Marsh & McLennan reports more subpoenas for Putnam

BOSTON -- The Securities and Exchange Commission has issued subpoenas to Putnam Investments over the company's directed brokerage and revenue sharing practices, indicating a widening probe into the company at the center of the mutual fund scandal.

In its annual report filed with the SEC, Putnam parent company Marsh & McLennan Cos. disclosed that Putnam has received subpoenas from the SEC's Philadelphia office about directed brokerage practices. It said the SEC has interviewed company employees.

The SEC's Chicago office and the National Association of Securities Dealers also want information from Putnam about revenue sharing arrangements, the report said.

"Putnam is fully cooperating with the regulatory authorities," the report said.

Revenue sharing is a practice in which brokerage firms steer clients toward mutual funds in exchange for payments from the fund companies. Directed brokerage is when a fund company gives its trading to a broker in exchange for the broker selling the firm's funds.

Putnam, which managed about $240 billion in assets as of Dec. 31, was the first investment firm formally accused of wrongdoing in the now-widespread scandal over improper market-timing trades.

Market timing refers to trades that move quickly in and out of mutual funds. The company's SEC filing on Monday reported that the U.S. Attorney in Boston, the Florida Department of Financial Services, the office of the Attorney General of New York, the secretary of state and the state auditor of West Virginia and the Boston office of the U.S. Department of Labor have also subpoenaed the company.

Putnam has already reached a partial settlement with the Securities and Exchange Commission over market timing, but still faces fraud allegations over the practice from Massachusetts regulators.
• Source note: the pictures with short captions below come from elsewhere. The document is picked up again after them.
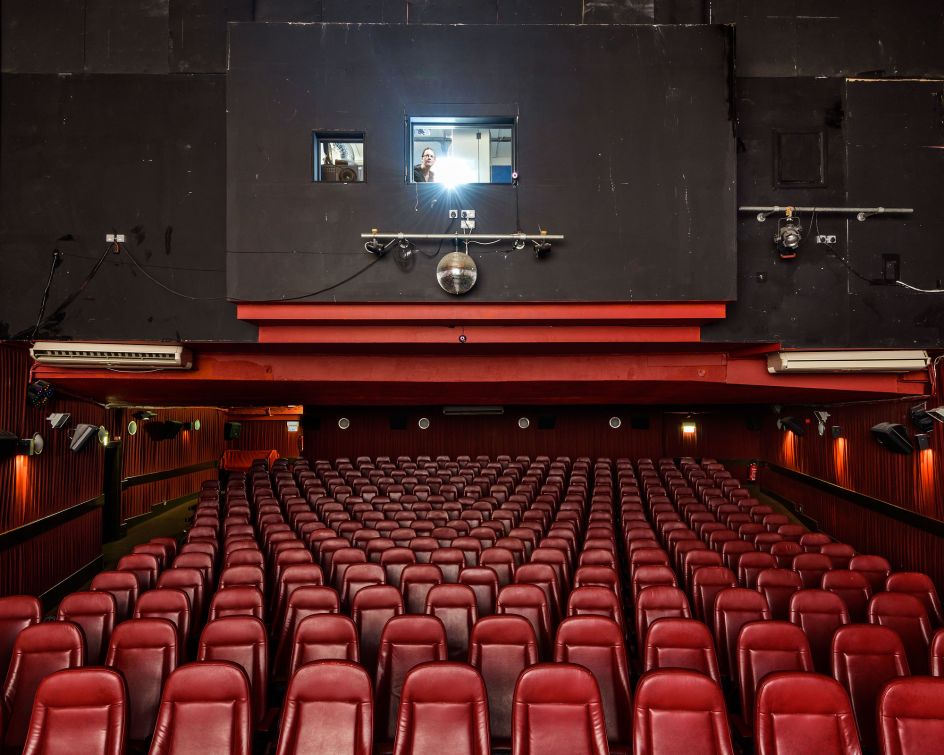 Amanda Ireland, Prince Charles Cinema, London - Copyright © Richard Nicholson, 2016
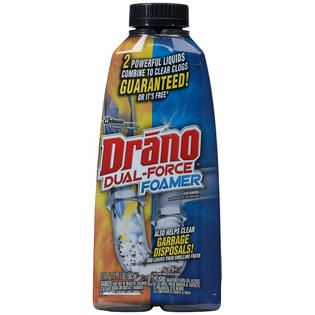 Drano Dual Force Foamer Clog Remover   Food & Grocery   Cleaning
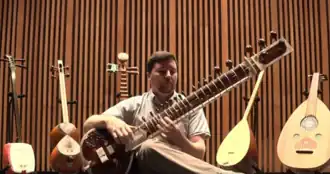 Chris Stephens performing at MU School of Music, September 4, 2024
After the scandal broke, Putnam lost tens of billions of dollars in assets.

Market timing is not illegal, but some regulators contend it is fraudulent for companies to tolerate it for some customers, despite promises in their prospectuses not to. Indirectly, profits made from market timing can skim profits from long-term investors.
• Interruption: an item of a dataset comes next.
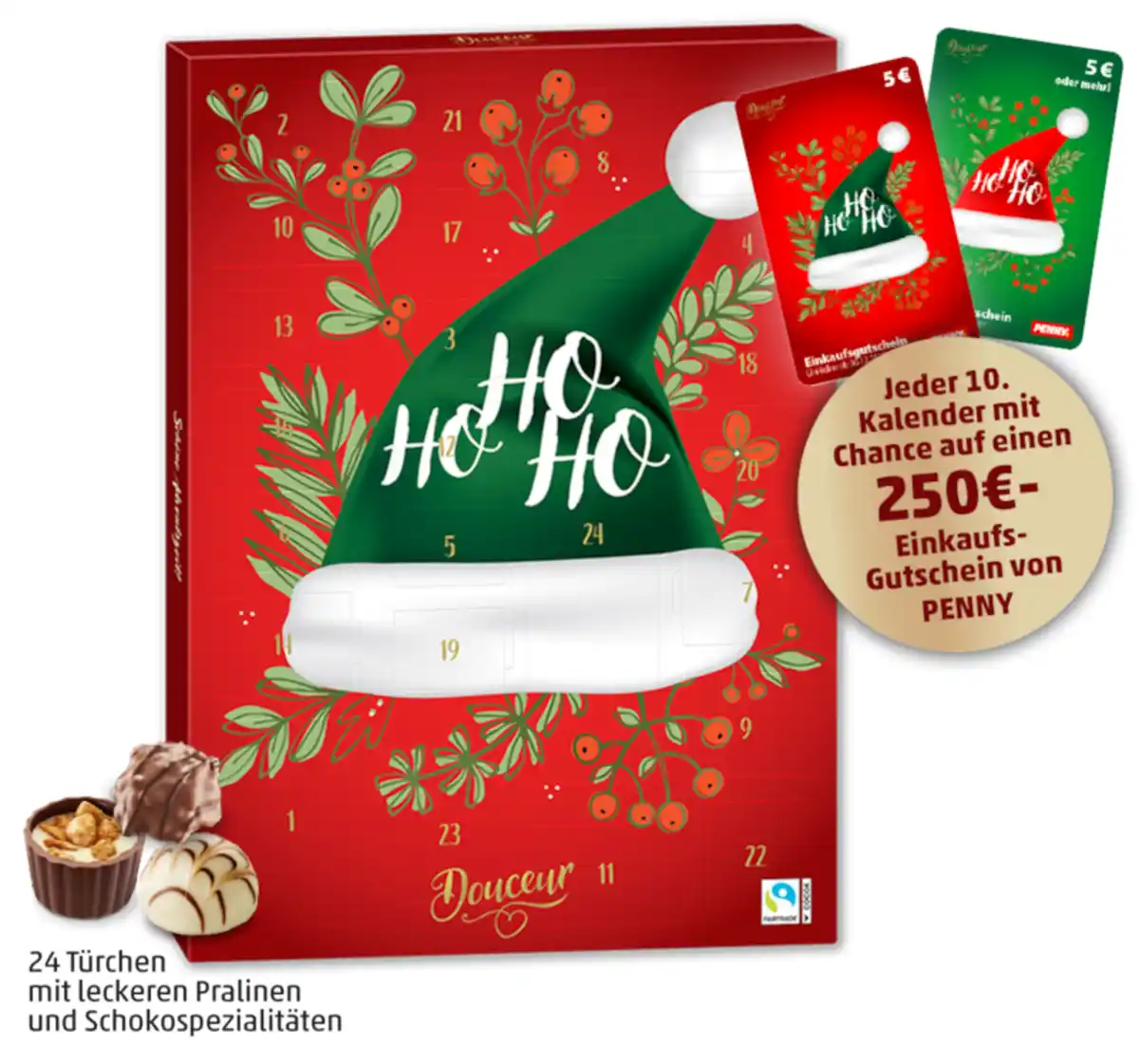 Bild 1 von DOUCEUR Adventskalender*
Putnam spokeswoman Nancy Fisher referred a call for comment to Marsh & McLennan spokeswoman Barbara Perlmutter, who did not immediately return a call.
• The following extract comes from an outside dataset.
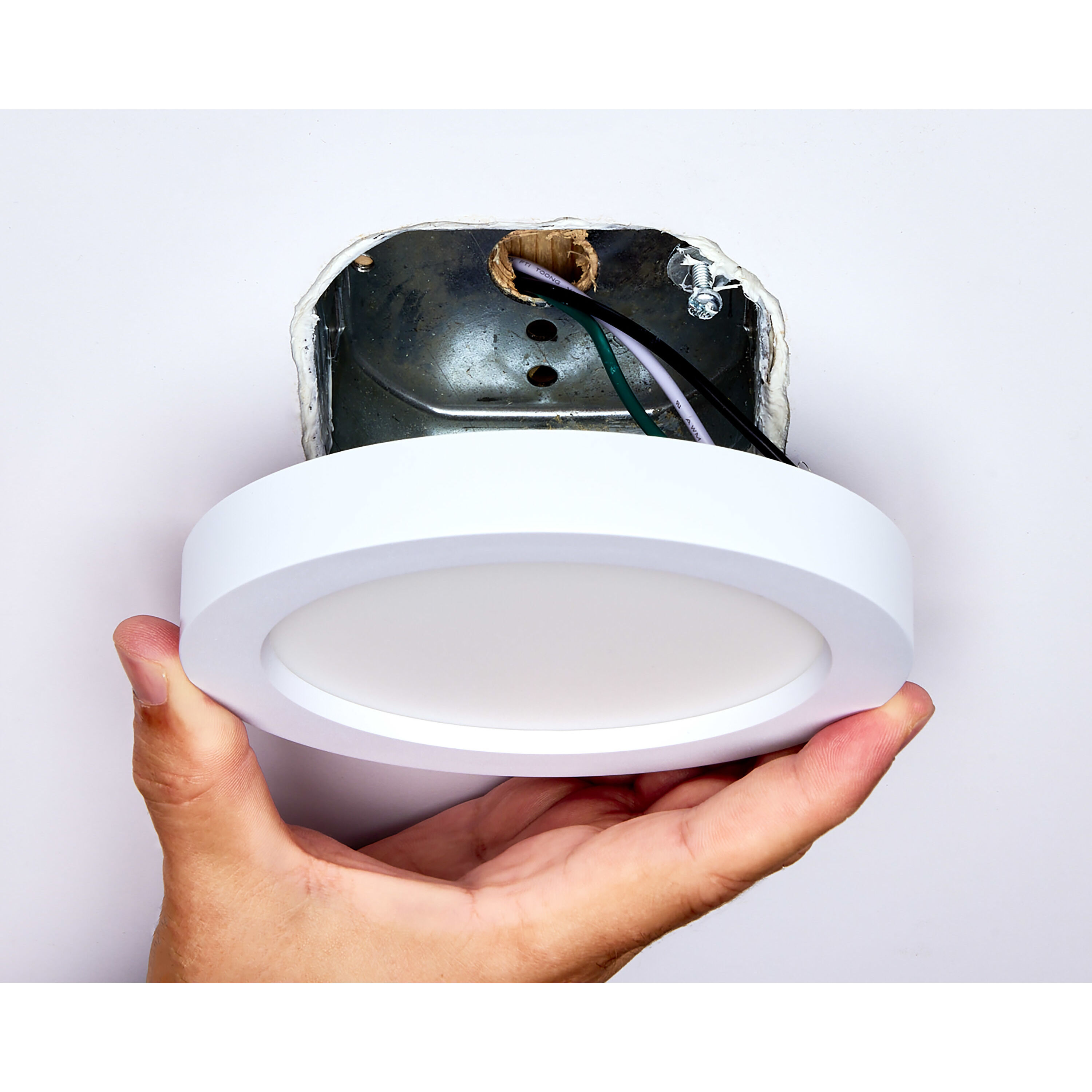 Brentwood Integrated LED White LED Disk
The company also reported that as of March 4, Marsh & McLennan and Putnam are the targets of about 70 civil complaints over market timing. Those actions have been filed in state and federal courts in New York, Massachusetts, California, Illinois, Connecticut, Vermont, Kansas and North Carolina.

Mercer Bullard, a law professor at the University of Mississippi and a former assistant chief counsel in the SEC's mutual funds division, said it is not surprising that so many states are seeking information from Putnam, given that the company is at the center of the scandal.

"If anything, there aren't as many states involved as should be. You're talking about the most popular investment vehicle ever created," he said. "This should be the vehicle by which state regulators take more interest than another other securities issue."